*YOUR INSTRUCTIONS*
Write out exactly, and only, the lines below from the line with "Town Of Alford - Residential" through the line with "Plus de détails"; pictures do not belong in the copy.

*PROVIDED MATERIAL*
▬▬▬▬▬▬▬▬▬▬

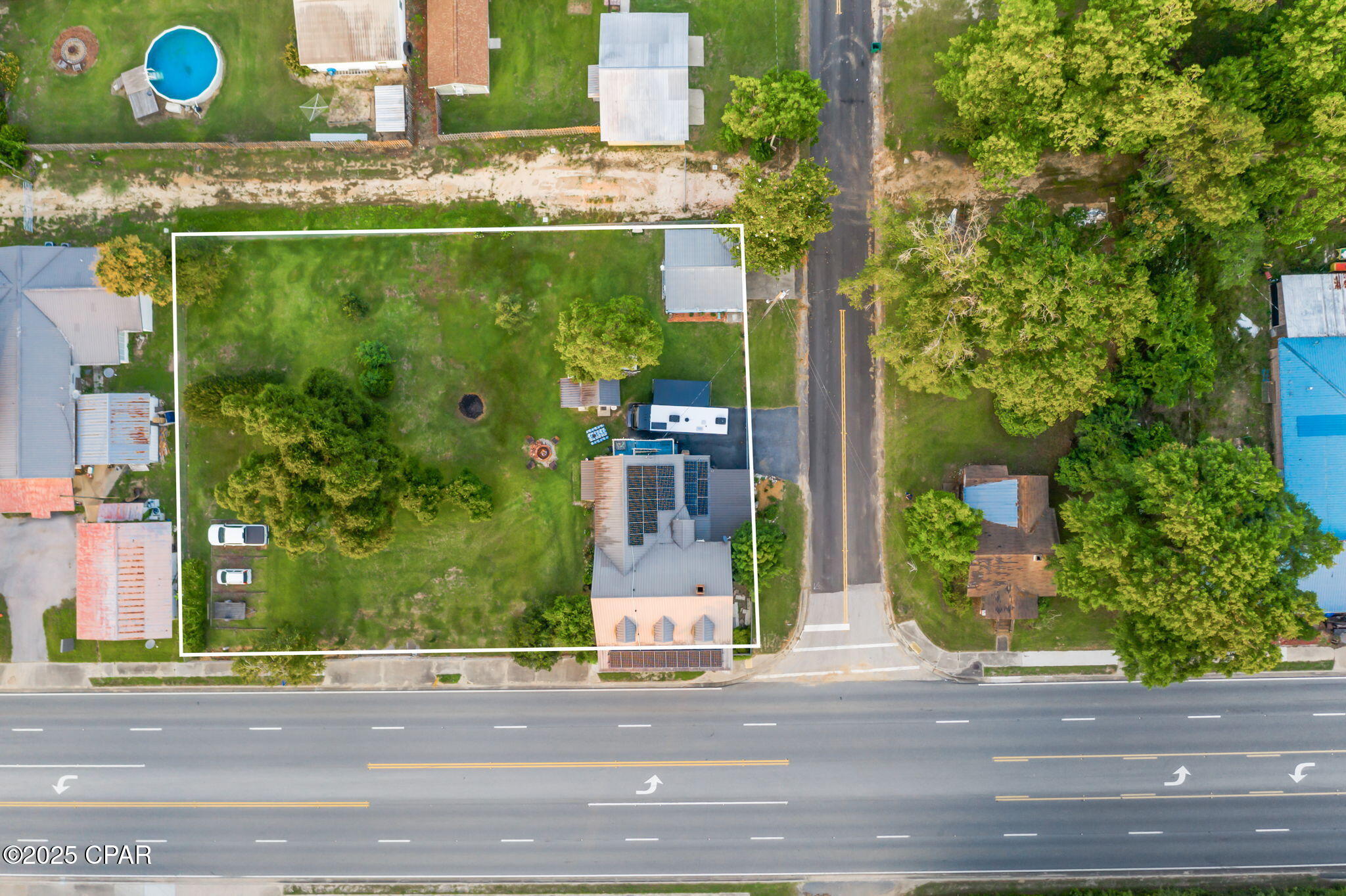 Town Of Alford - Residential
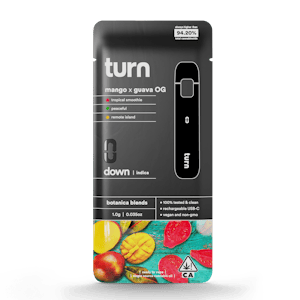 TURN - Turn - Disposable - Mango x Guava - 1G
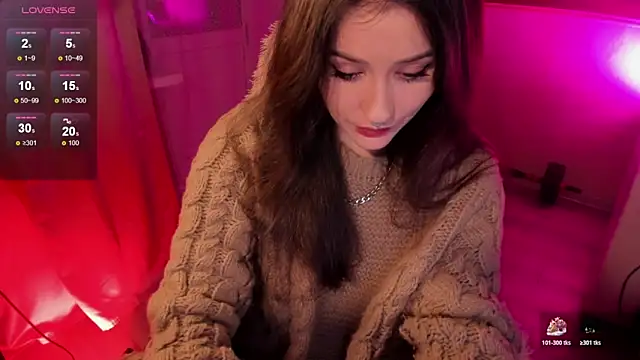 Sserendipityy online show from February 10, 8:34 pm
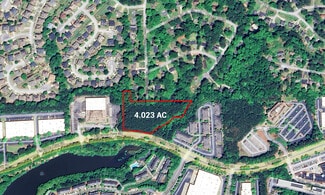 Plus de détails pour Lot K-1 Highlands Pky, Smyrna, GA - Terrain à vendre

▬▬▬▬▬▬▬▬▬▬

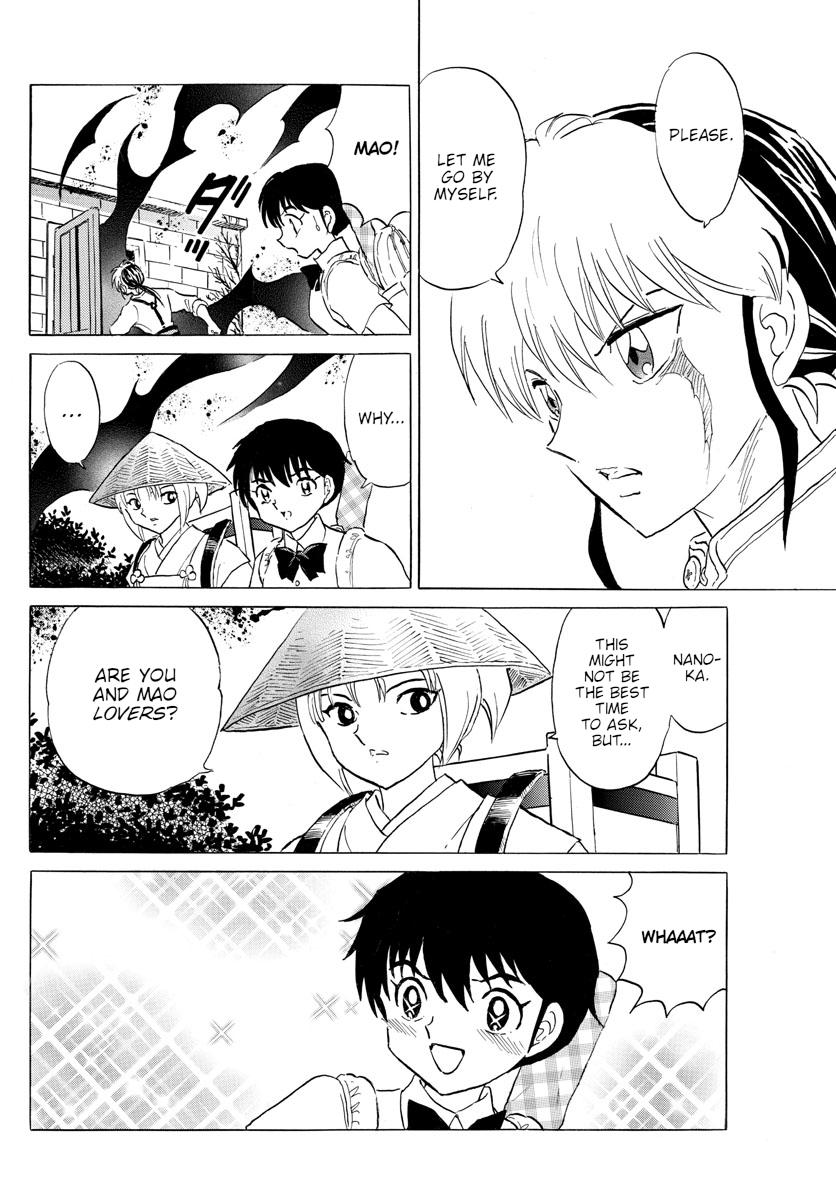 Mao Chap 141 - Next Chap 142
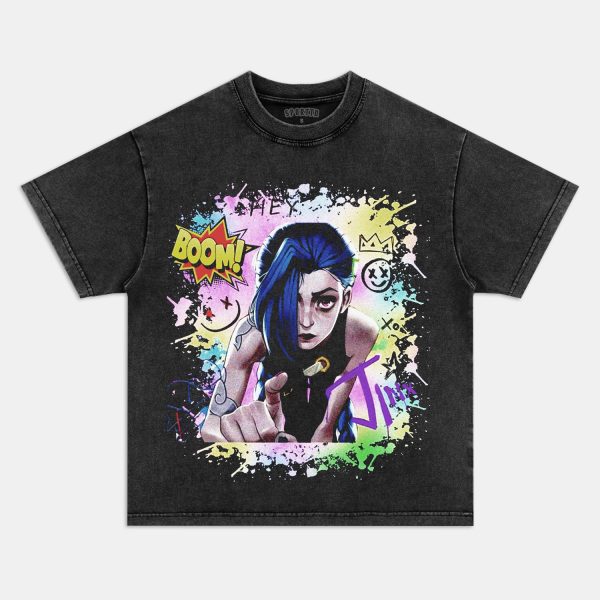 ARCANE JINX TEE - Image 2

▬▬▬▬▬▬▬▬▬▬

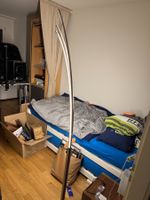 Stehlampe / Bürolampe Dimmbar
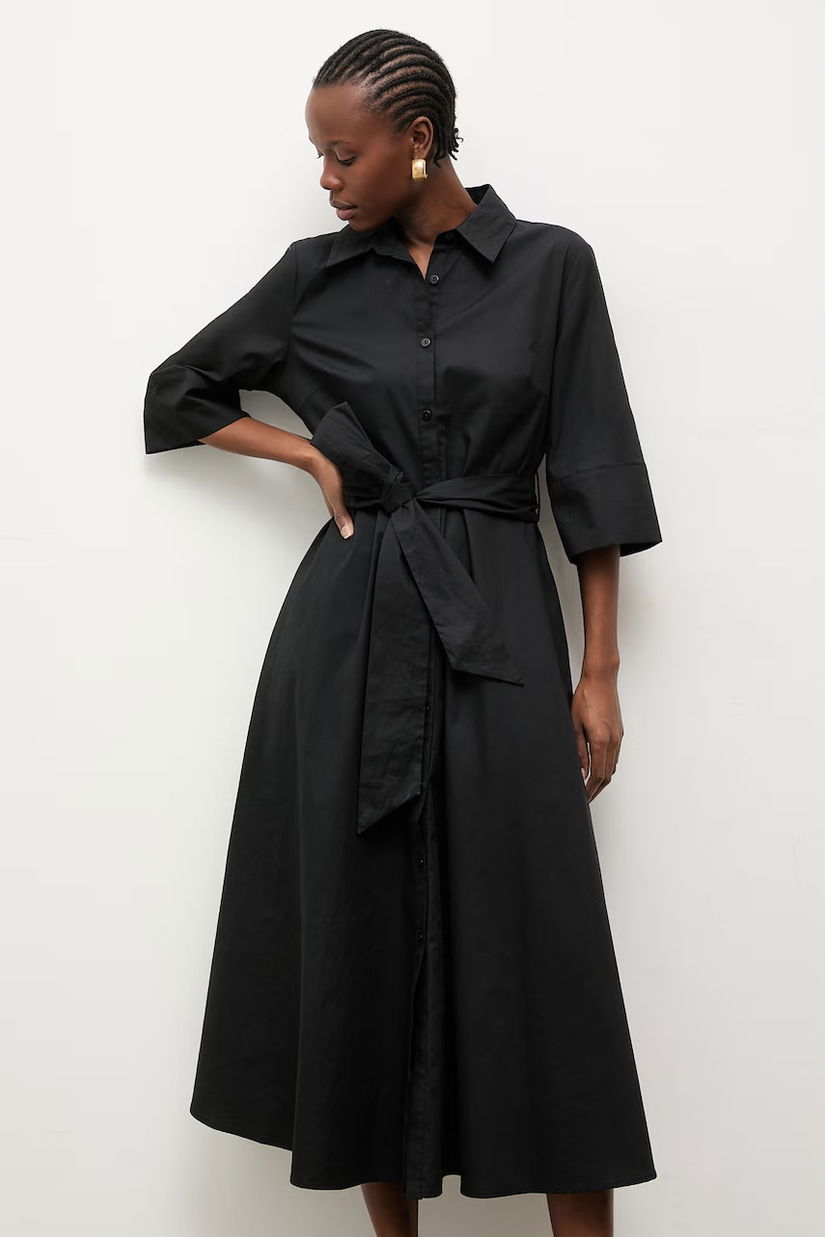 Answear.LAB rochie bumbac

▬▬▬▬▬▬▬▬▬▬

*OUTPUT OF THE EXERCISE*
 Town Of Alford - Residential
 TURN - Turn - Disposable - Mango x Guava - 1G
 Sserendipityy online show from February 10, 8:34 pm
 Plus de détails pour Lot K-1 Highlands Pky, Smyrna, GA - Terrain à vendre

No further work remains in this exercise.